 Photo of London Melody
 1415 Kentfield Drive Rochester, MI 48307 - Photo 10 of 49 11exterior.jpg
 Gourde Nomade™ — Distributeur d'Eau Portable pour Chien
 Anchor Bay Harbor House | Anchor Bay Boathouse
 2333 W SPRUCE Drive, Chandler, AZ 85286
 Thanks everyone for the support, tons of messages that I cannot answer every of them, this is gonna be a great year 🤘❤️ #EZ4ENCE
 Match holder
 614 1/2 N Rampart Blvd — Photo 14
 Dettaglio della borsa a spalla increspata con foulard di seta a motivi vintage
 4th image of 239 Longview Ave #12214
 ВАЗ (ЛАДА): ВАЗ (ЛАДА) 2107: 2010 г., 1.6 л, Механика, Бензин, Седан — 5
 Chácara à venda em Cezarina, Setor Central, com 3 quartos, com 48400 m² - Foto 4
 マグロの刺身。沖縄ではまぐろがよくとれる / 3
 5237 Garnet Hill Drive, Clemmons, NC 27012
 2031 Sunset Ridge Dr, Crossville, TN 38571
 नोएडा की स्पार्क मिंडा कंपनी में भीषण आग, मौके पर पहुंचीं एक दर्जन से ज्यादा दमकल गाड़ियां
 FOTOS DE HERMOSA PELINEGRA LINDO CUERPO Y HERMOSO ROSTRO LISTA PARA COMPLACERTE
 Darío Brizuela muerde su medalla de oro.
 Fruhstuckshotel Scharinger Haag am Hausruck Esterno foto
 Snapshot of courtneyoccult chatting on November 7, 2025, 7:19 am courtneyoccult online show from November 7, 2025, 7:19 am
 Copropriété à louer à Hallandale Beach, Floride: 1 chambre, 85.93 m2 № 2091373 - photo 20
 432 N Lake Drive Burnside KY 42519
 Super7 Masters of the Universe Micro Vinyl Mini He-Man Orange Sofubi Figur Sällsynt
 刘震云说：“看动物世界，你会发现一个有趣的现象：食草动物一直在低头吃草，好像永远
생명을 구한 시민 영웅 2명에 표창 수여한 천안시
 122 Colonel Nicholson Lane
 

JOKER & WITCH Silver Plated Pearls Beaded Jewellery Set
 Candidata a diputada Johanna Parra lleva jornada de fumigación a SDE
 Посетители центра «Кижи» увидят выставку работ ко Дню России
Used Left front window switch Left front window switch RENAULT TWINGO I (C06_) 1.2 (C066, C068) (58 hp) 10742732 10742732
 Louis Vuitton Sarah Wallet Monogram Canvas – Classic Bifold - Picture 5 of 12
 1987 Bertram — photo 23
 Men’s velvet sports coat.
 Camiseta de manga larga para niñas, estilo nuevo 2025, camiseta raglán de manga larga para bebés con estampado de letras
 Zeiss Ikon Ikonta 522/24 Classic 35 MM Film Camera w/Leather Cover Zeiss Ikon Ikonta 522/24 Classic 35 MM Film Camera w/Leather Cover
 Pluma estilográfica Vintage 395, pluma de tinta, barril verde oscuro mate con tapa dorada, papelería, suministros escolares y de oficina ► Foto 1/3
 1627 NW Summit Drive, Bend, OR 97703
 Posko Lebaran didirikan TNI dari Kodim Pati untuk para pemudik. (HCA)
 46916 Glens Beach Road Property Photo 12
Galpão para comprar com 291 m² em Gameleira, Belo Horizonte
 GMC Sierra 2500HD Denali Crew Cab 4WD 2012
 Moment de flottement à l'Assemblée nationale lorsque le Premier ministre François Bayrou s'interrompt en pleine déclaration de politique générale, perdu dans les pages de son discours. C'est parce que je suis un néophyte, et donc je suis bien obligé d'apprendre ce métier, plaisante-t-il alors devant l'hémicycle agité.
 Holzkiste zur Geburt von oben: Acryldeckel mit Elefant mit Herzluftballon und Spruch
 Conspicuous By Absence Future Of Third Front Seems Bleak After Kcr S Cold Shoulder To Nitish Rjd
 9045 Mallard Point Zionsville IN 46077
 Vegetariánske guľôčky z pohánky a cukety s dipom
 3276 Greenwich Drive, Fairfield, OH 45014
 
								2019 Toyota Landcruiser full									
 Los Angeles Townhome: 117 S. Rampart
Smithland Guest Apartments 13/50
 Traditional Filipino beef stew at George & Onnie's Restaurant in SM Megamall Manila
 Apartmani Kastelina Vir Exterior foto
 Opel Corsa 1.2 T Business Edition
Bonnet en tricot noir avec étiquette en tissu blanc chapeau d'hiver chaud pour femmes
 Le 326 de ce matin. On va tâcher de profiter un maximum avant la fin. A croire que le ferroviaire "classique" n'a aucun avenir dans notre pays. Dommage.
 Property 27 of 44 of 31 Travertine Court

**********

■ TASK DESCRIPTION:
The span to give again runs from the line with "Le 326 de ce" through the last line of the records above; reproduce it exactly and nothing more.

■ YOUR SOLUTION:
 Le 326 de ce matin. On va tâcher de profiter un maximum avant la fin. A croire que le ferroviaire "classique" n'a aucun avenir dans notre pays. Dommage.
 Property 27 of 44 of 31 Travertine Court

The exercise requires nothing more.